RE : How to capture n words between 2 strings in Python?
I have 2 strings, and want to match any anywhere in either text where the 4 or more words match together and then colour the output.
example input:
text1= 'hello the weather is great. hello goodbye hi hiya. happy friday today is great. I like reading books.' text2= 'testing this. hello goodbye hi hiya. happy sunday today is great. I like reading books.'
Desired output (in bold here as I would also like the original string to be displayed)

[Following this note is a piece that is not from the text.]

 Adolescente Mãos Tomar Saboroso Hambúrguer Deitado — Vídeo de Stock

text1= 'hello the weather is great. **hello goodbye hi hiya.** happy friday today is great. **I like reading books.'** text2= 'testing this. **hello goodbye hi hiya**. happy sunday today is great. **I like reading books.'**
Please could someone share how this can be done?
Thank you
You may want to look for string matching algorithms. To check matching words between two strings, you may need to threat one part of the text1 as key and search it in the text2.

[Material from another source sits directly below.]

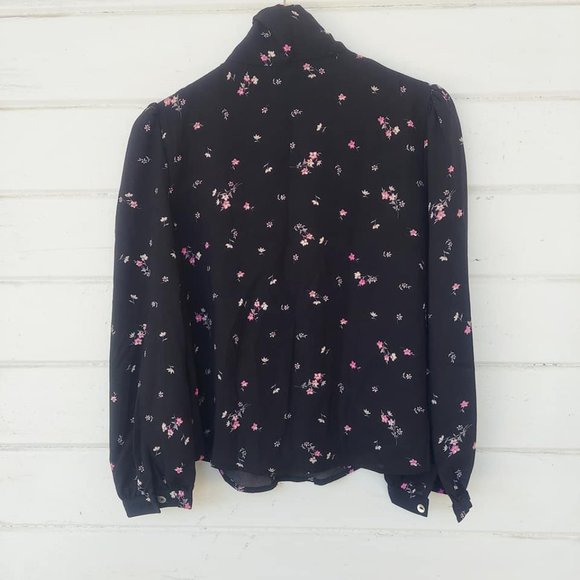Unique Floral Blouse 3/4 Length Sleeve Button and Tie Neck Detail Size Small - Picture 7 of 8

I suggest you to avoid brute force ( Boyer – Moore / Horspool ) algorithms and try to implement KMP Search algoritm, since KMP has logarithmic time complexity in the worst case.
Or, you can use text1 and text2 as whole and shift one of them by 1 and check if there are any consecutive matching words with greater or equal size of 4, then take the index. Repeat untill true or end of the string.